There's a link in the left margin that will lead you to the following:

Just remember, no sap woods!  I smoke the chicken rubbed and right to temp and not a moment/degree past 167 and it always comes out nice and juicy!


----------



## scpatterson (Nov 4, 2009)

He shot you right........Just pull it at the right temp on your chicks and it will be nice and juicy


----------



## meat hunter (Nov 4, 2009)

Mr Mac posted some good info for you on woods. I know somewhere on here, there is a really detailed list of woods, including some exotics but I can not find it. 

Apple wood would be a good choice on chicken. Also, if you want juicy poultry, I would say try to brine it sometime. I use the brine recipe on the homepage of this site, its for a turkey, but man o man does it make chicken taste great. I can not stand chicken breast. Im just not a white meat fan, but once I made chicken with the brine, I'd say the breast meat is every bit as juicy as a thigh.
As far as injecting, lots of us on here do it. Only limited to your imagination on that one. Mix up some things you think you might like and inject it, you may be pleasantly surprised.


----------



## jeffj (Nov 4, 2009)

Boy, getting used to a new website. Thanks for the help, I will go over there and check it out.


----------



## mr mac (Nov 4, 2009)

We were all new to it at some point! 
	

	
	
		
		



		
			






I was never a brine kind of guy until I tried it once on a turkey. Man, what a difference! I still mostly rub the smaller birds (Cornish/chickens, ducks and goose) but will _always_ brine a turkey!


----------



## alx (Nov 4, 2009)

I never brine.Never had a complaint.Not gonna say do not brine-seems ALOT of folks get great results.Pecan and fruit woods for me..I Cook em 300-340 degree.


----------



## mballi3011 (Nov 4, 2009)

Here's a link to the list of woods:
http://www.smokingmeatforums.com/for...ad.php?t=50439
This is some of the most common woods used with smoking. Personally I like the fruit woods and some alder with fish. Mostly the lighter woods but that my 2 pennies.


----------



## igolf2 (Nov 4, 2009)

Really best to try each wood and pick your favorites - apple and cherry are mine but I'm a bit biased as my property is full of wild cherry and so I have an unlimited supply.


----------



## pepeskitty (Nov 4, 2009)

Hey Jeff, if you want to try something with that chicken that is out of this world I would recommend this method by Chisoxjim. This chicken was the best I ever tasted. My wife, daughter, and son also agreed the best chicken ever. 

So points to Jim for this one, here's the link.

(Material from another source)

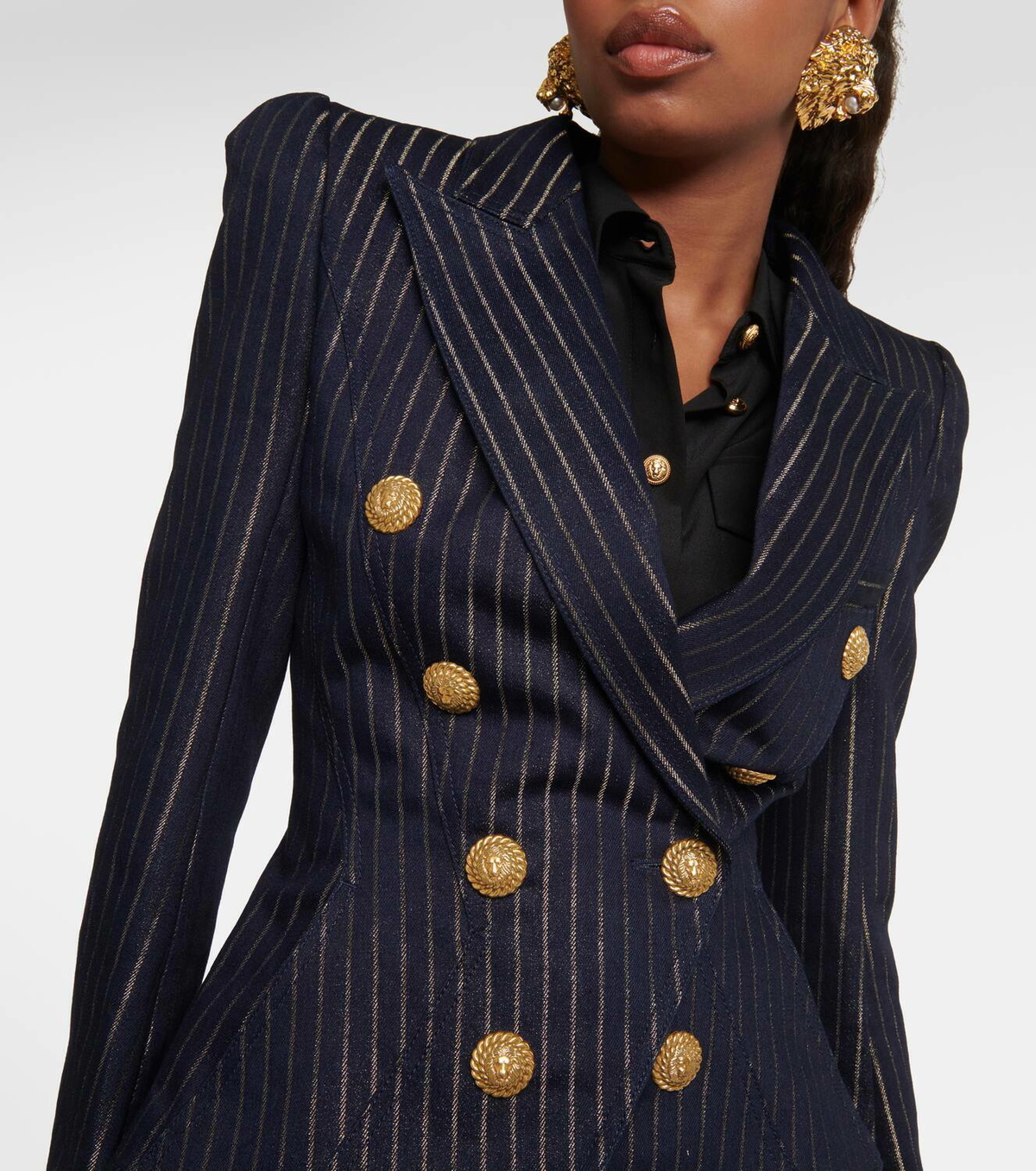 Balmain Lurex® pinstripe denim blazer Balmain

If you don't have a lot of chicken you might want to cut the recipe back some this will do two cut up birds.

http://smokingmeatforums.com/forums/...ght=buttermilk


----------



## raceyb (Nov 4, 2009)

I see an awful lot of questions being asked that Jeff has taken the time to answer beforehand. If you look over to the left margin, there are a ton of links to smoking subjects. Some one just asked about smoking a turkey, so i pointed out the link. 

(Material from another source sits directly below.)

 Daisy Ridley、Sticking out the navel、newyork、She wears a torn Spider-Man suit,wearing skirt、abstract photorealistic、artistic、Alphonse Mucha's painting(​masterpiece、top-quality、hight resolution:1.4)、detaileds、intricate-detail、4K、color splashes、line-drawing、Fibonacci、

In this case, woods are covered too, here is the link
http://www.smoking-meat.com/barbecue-woods.html


----------



## meat hunter (Nov 4, 2009)

Ahhh, I knew someone would come thru on this one. Thanks mballi, I could not find it. Very good list of woods.


----------



## jeffj (Nov 5, 2009)

Yeah, I know that there is a tremendous amount of wealth. I think the more that I read here the easier it will be to find the information. No mater the subject, we were all rookies once.  Thanks for everyones patience with this rookie.


----------



## fire it up (Nov 5, 2009)

Depends on what kind of mood I'm in when I toss the meat on, I love the smell and taste of pecan with a little hickory.
Cherry or apple are great with pork and poultry.  White birch is another one I really like but is not so common.
Used to use hickory on lots of things but now that I have access to many kinds of wood I use is sparingly, did mesquite on my first smoke and didn't care for it so much that I just burned the rest as firewood.


----------



## richoso1 (Nov 5, 2009)

you've gotten some very good guidelines, remember that the final taste is what you're after. Dont be shy, try different woods, and do consider mixing hardwoods with fruitwoods. You might come out with a very pleasant smoke flavor. Good luck my friend. it's all good.


----------



## raceyb (Nov 5, 2009)

Well said. It's a matter of personal taste. Experiment and see what ya like. I'll save you a little trouble though, not all nut trees are good smoking wood. Stay away from pine tree wood.


----------